→ **THE TASK**
Copy exactly, and only, the lines between the start of the entries below and the line containing "A dining room", both inclusive. Omit pictures.

═══ LISTED ENTRIES

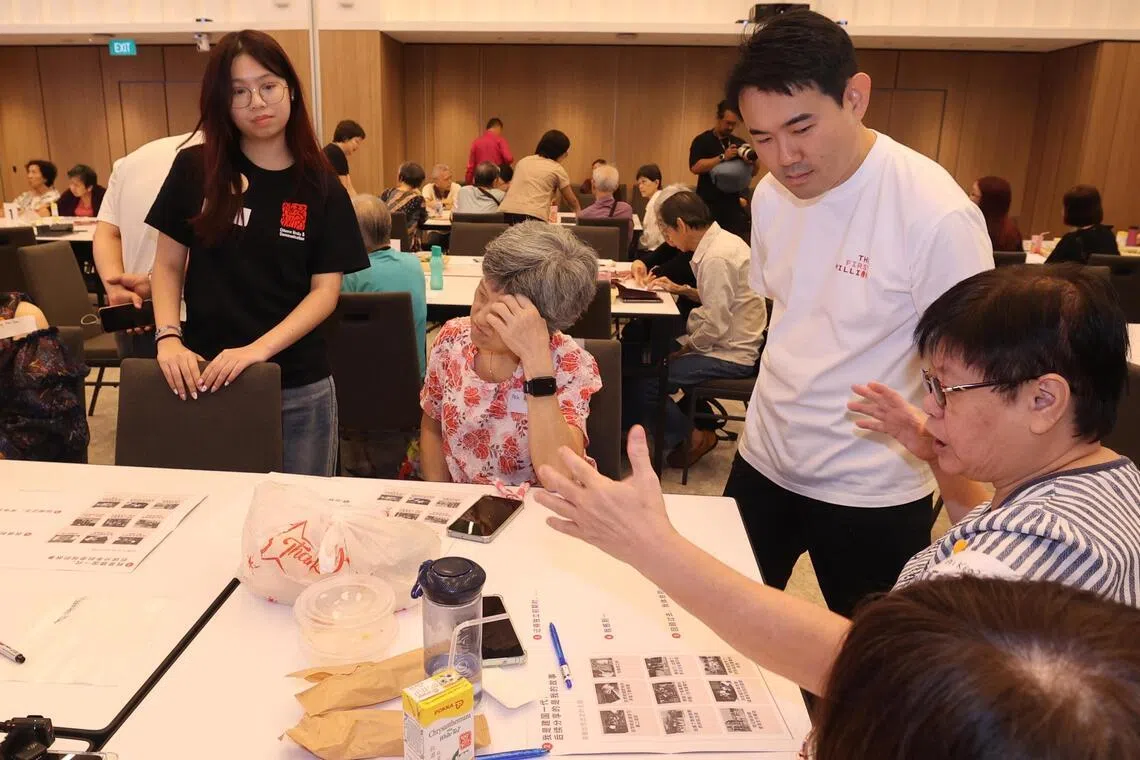 退休教师林爱娇（右，坐）在活动中分享了儿时住在芽笼店屋楼上的见闻，包括目睹私会党收取保护费、亲历种族冲突及趁火打劫等乱象。（邬福梁摄）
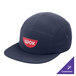 A navy blue Port Authority camper cap with a logo on it.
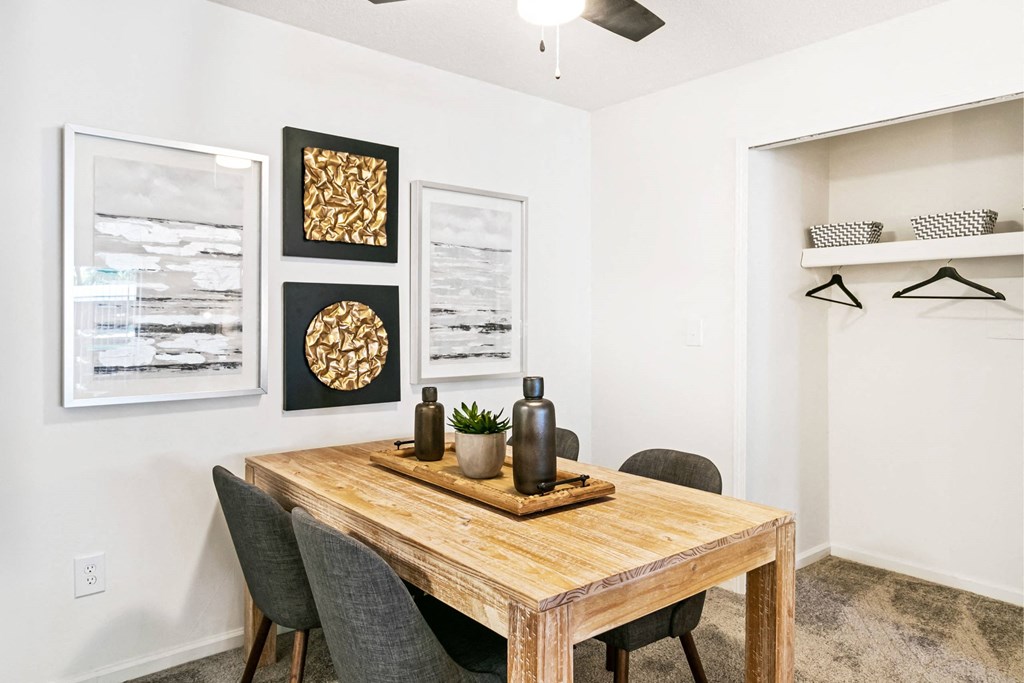 A dining room with a wooden table and chairs at The Waverly on the Lake - Belleville, MI Apartment , Michigan
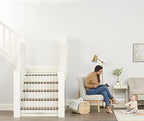 Regalo 36 inch tall child safety gate extended wide across a home doorway
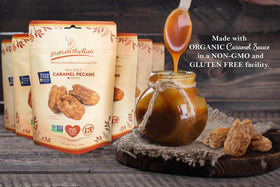 Dry roasted pecans closeup reveals crunchy praline texture and golden caramel.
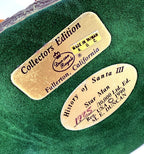 Detail close-up — underside plaques: Duncan Royale Collectors Edition, Fullerton California; History of Santa III, Star Man, hand-numbered 1925 of 10,000, © 1990, M. E. Duncan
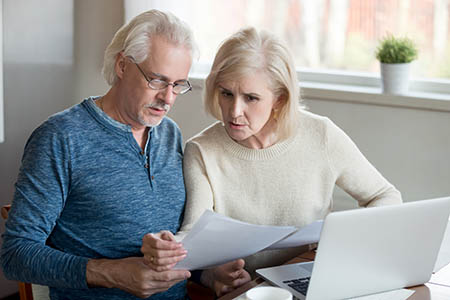 Serious elder husband and wife read bank documents at home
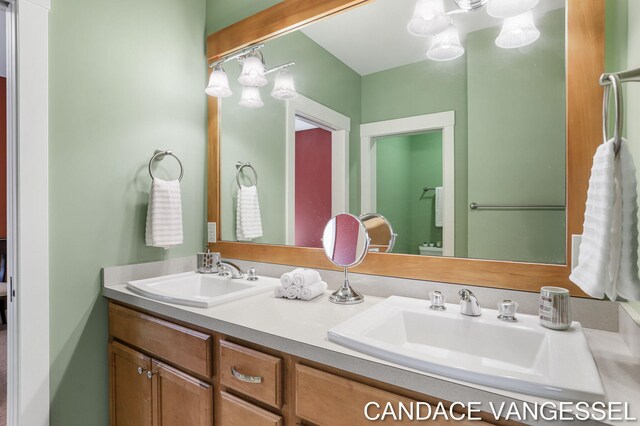 2429 Shears Crossing Ct NE, Grand Rapids, MI 49525 - full bath featuring double vanity and a chandelier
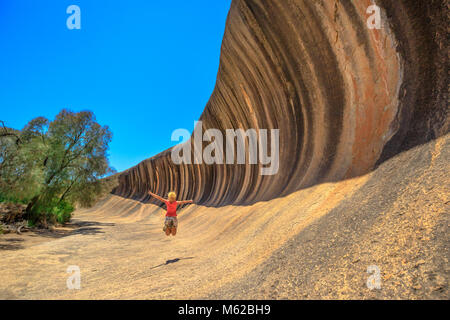 Australische outback in Hyden Wildlife Park. Sorglos kaukasische Frau an der Wave Rock in Hyden, Western Australia springen. Weibliche Brücke in eine natürliche Felsformation in der Form einer Welle. Stockfoto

══════

→ **RESULT OF THIS EXERCISE**
 退休教师林爱娇（右，坐）在活动中分享了儿时住在芽笼店屋楼上的见闻，包括目睹私会党收取保护费、亲历种族冲突及趁火打劫等乱象。（邬福梁摄）
 A navy blue Port Authority camper cap with a logo on it.
 A dining room with a wooden table and chairs at The Waverly on the Lake - Belleville, MI Apartment , Michigan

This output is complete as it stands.